___ MATERIAL FOR THIS TASK ___

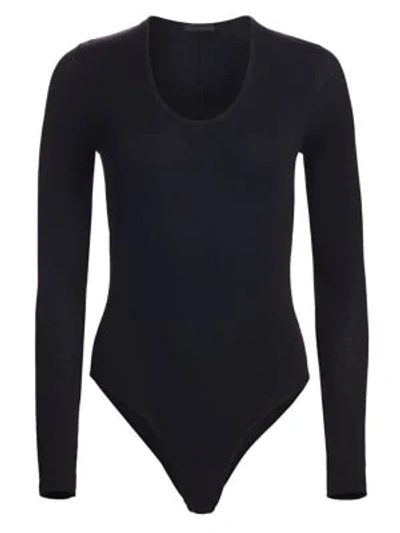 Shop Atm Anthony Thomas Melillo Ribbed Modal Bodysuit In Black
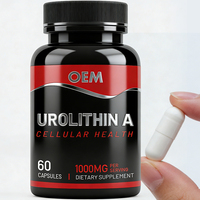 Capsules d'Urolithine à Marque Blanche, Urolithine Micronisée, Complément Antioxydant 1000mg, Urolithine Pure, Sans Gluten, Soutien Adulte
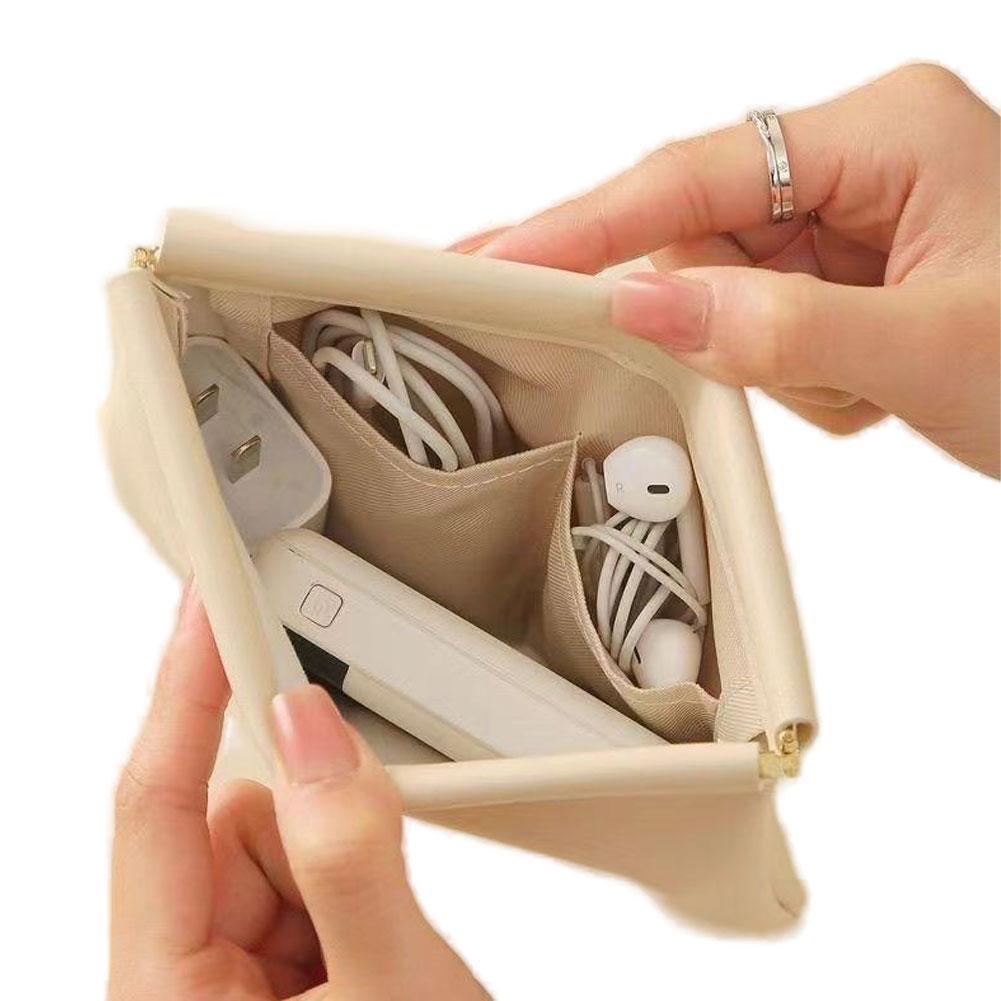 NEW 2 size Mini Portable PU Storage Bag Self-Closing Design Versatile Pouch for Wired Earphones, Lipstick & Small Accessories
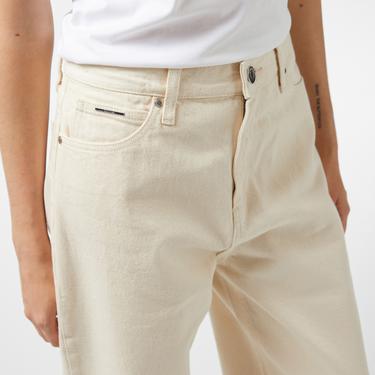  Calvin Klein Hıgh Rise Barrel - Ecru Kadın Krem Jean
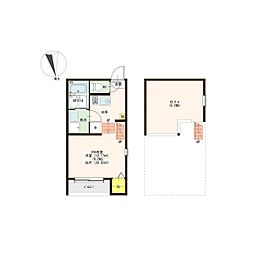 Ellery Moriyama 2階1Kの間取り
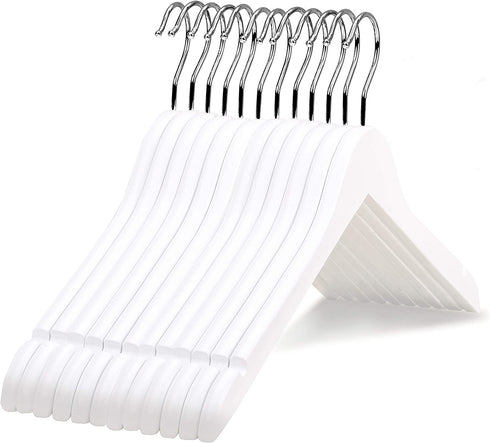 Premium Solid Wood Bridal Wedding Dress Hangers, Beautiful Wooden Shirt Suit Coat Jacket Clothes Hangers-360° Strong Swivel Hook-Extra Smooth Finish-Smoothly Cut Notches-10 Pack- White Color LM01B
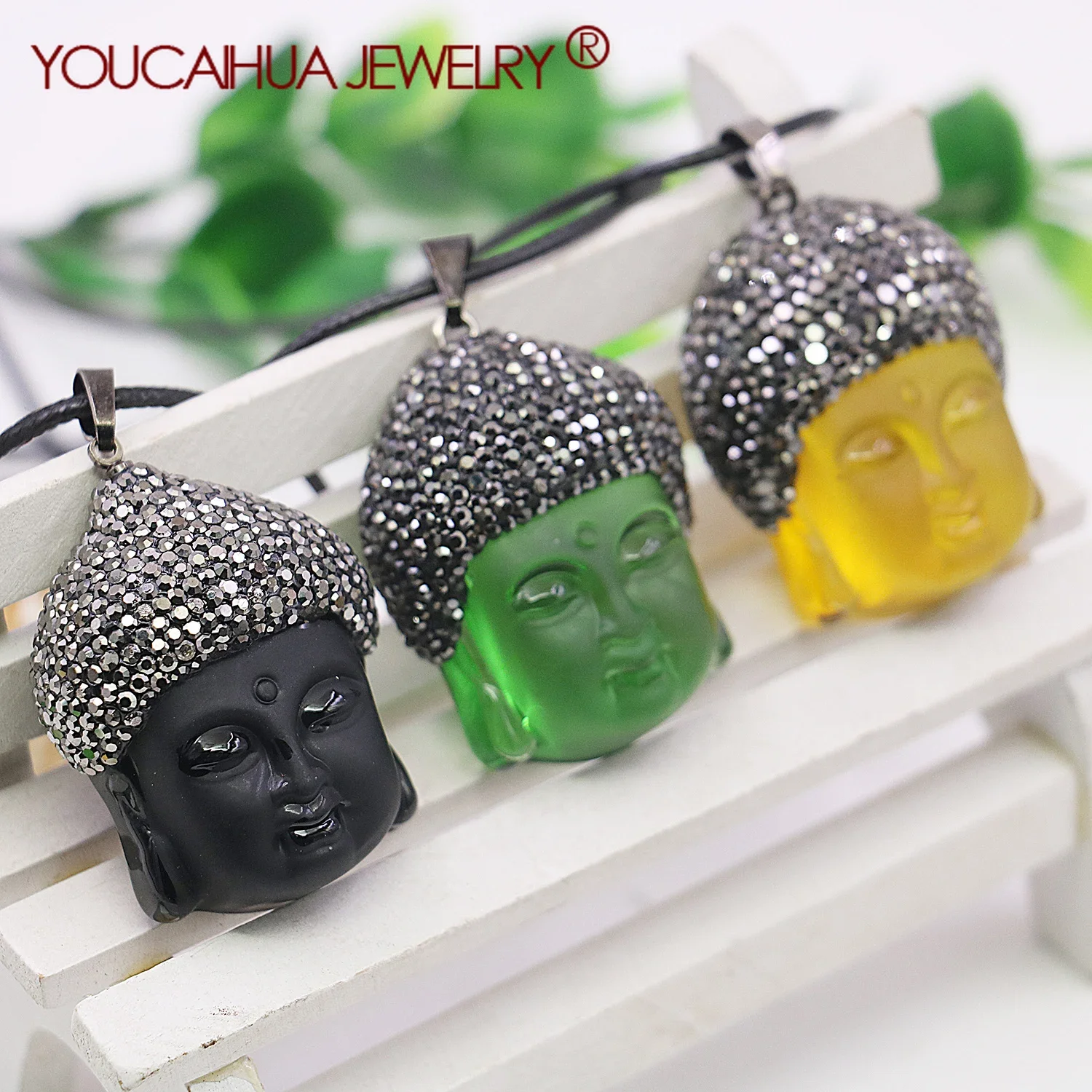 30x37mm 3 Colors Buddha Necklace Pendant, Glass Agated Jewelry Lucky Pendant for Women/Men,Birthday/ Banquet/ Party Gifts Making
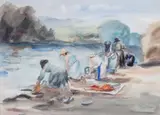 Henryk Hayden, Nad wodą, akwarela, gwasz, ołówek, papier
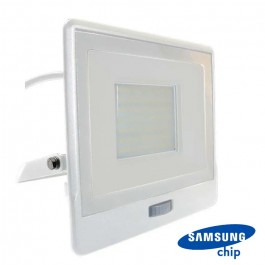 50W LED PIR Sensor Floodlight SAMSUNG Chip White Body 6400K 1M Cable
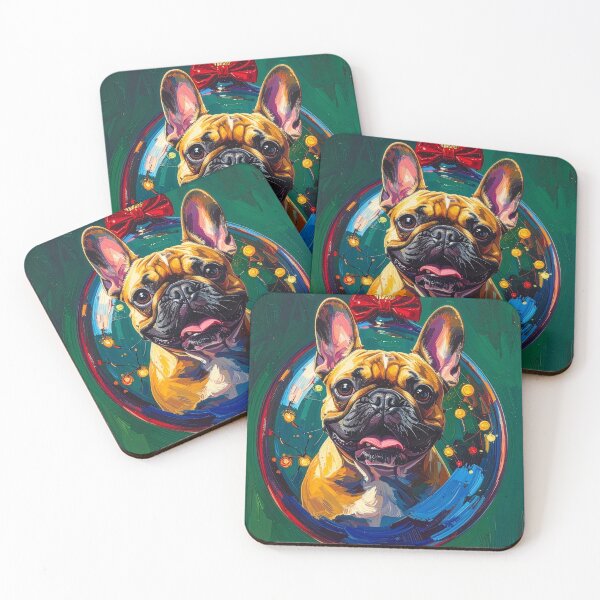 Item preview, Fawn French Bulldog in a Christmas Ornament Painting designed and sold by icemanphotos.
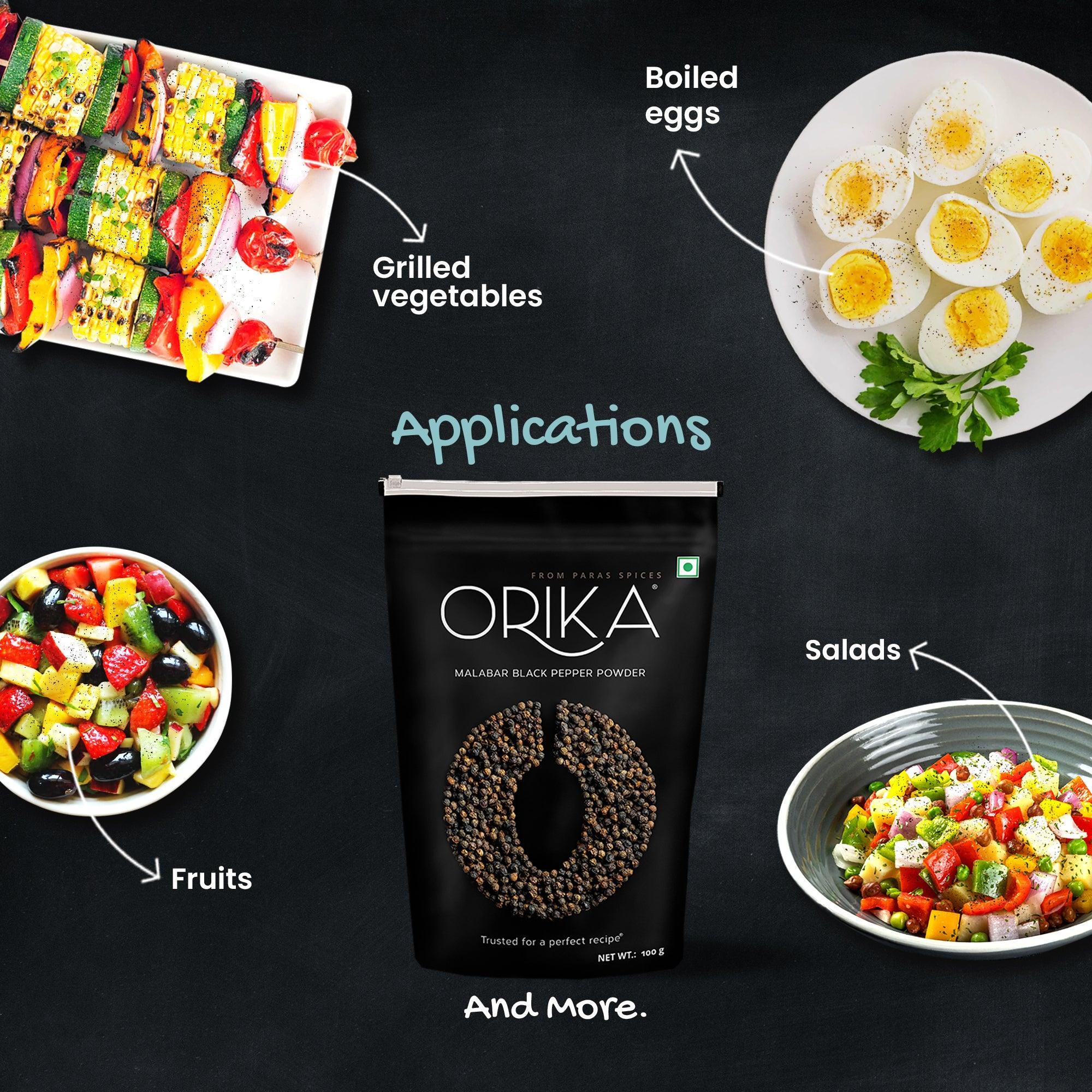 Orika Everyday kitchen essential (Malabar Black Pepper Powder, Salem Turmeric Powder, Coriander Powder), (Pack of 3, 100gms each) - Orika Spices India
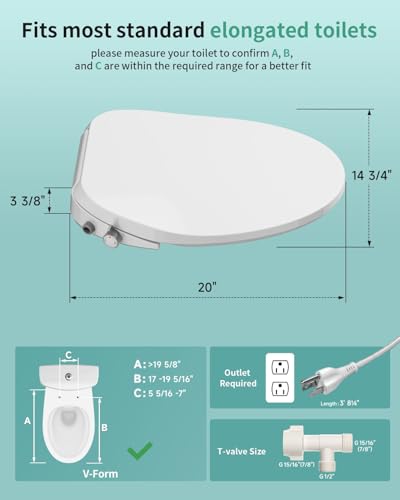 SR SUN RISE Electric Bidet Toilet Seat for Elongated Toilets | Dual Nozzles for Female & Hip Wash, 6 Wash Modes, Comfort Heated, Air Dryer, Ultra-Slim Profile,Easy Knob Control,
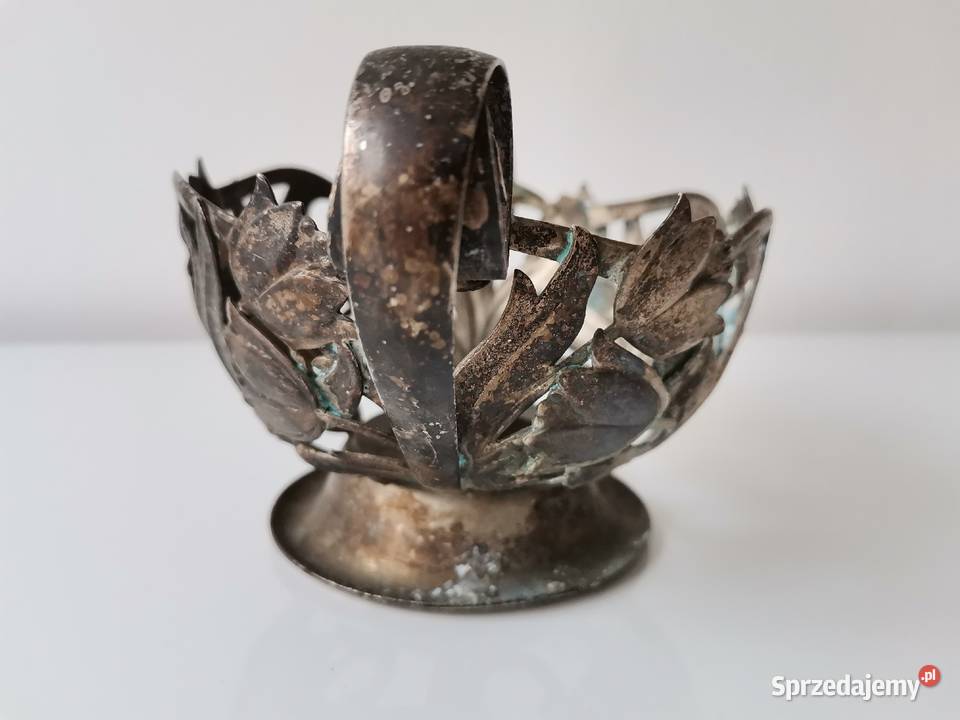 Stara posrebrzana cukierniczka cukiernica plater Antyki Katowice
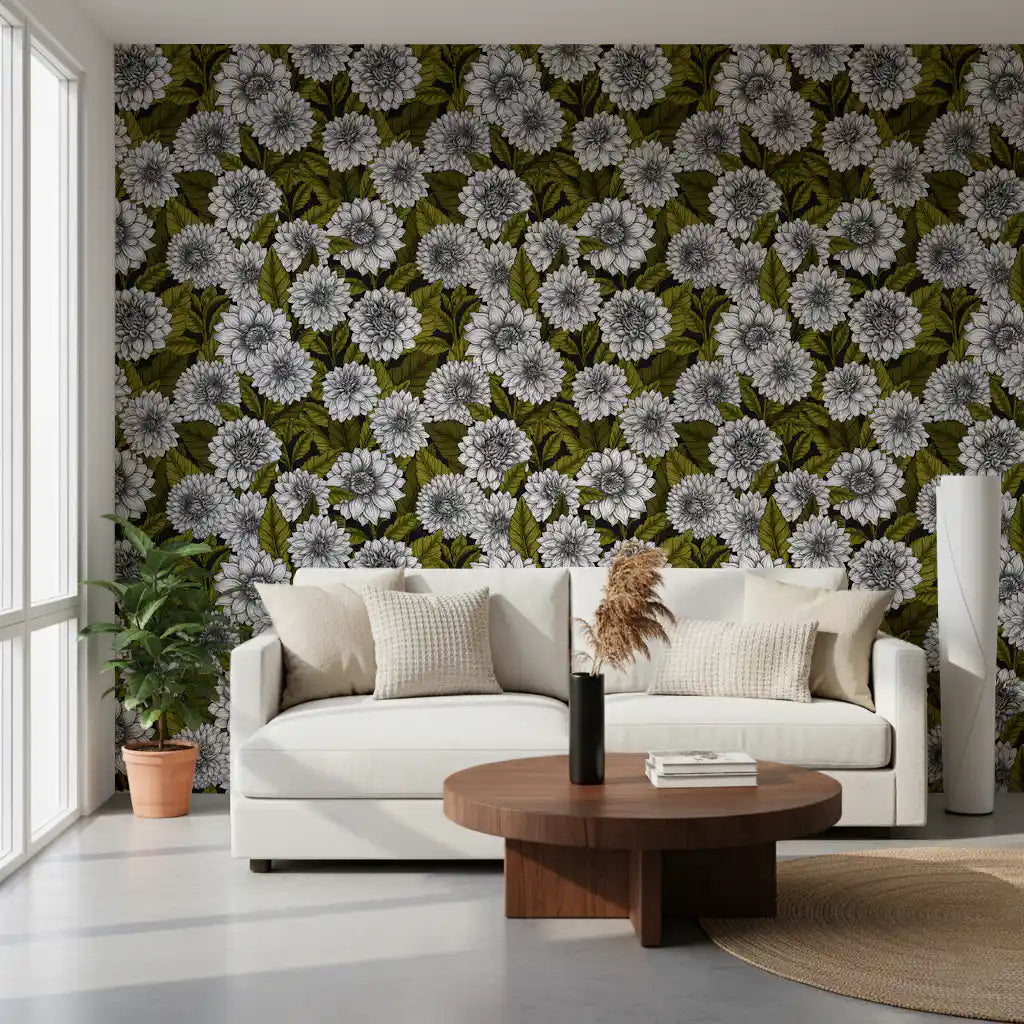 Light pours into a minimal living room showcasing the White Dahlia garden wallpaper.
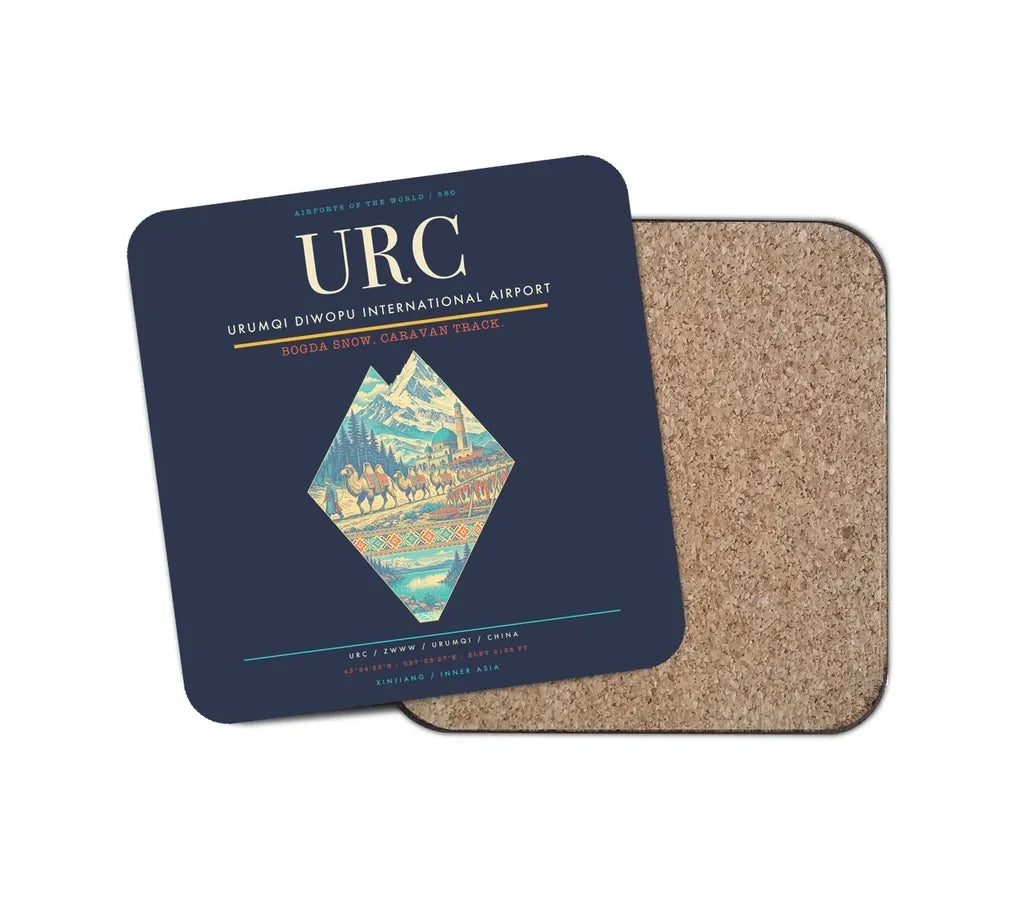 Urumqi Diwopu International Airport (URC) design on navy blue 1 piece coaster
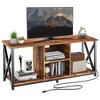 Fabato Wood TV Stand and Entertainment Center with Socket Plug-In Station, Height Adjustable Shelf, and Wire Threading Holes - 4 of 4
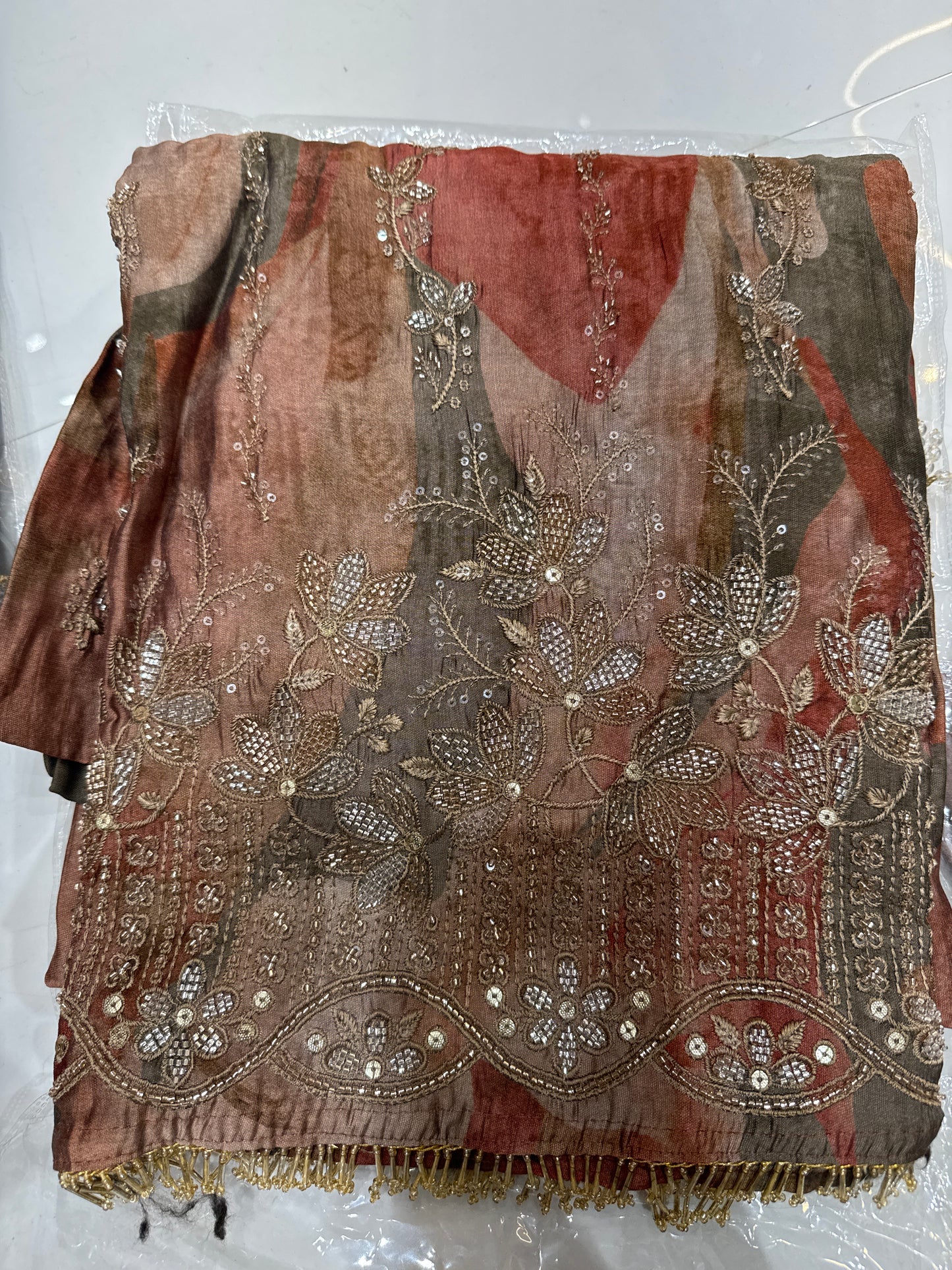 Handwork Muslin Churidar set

___

:: WHAT TO PRODUCE ::
Repeat exactly and only the lines from the start of the data above through the line that holds "SR SUN RISE", inclusive. Pictures do not belong in the copy.

:: WORKED SOLUTION ::
 Shop Atm Anthony Thomas Melillo Ribbed Modal Bodysuit In Black
 Capsules d'Urolithine à Marque Blanche, Urolithine Micronisée, Complément Antioxydant 1000mg, Urolithine Pure, Sans Gluten, Soutien Adulte
 NEW 2 size Mini Portable PU Storage Bag Self-Closing Design Versatile Pouch for Wired Earphones, Lipstick & Small Accessories
  Calvin Klein Hıgh Rise Barrel - Ecru Kadın Krem Jean
 Ellery Moriyama 2階1Kの間取り
 Premium Solid Wood Bridal Wedding Dress Hangers, Beautiful Wooden Shirt Suit Coat Jacket Clothes Hangers-360° Strong Swivel Hook-Extra Smooth Finish-Smoothly Cut Notches-10 Pack- White Color LM01B
 30x37mm 3 Colors Buddha Necklace Pendant, Glass Agated Jewelry Lucky Pendant for Women/Men,Birthday/ Banquet/ Party Gifts Making
 Henryk Hayden, Nad wodą, akwarela, gwasz, ołówek, papier
 50W LED PIR Sensor Floodlight SAMSUNG Chip White Body 6400K 1M Cable
 Item preview, Fawn French Bulldog in a Christmas Ornament Painting designed and sold by icemanphotos.
 Orika Everyday kitchen essential (Malabar Black Pepper Powder, Salem Turmeric Powder, Coriander Powder), (Pack of 3, 100gms each) - Orika Spices India
 SR SUN RISE Electric Bidet Toilet Seat for Elongated Toilets | Dual Nozzles for Female & Hip Wash, 6 Wash Modes, Comfort Heated, Air Dryer, Ultra-Slim Profile,Easy Knob Control,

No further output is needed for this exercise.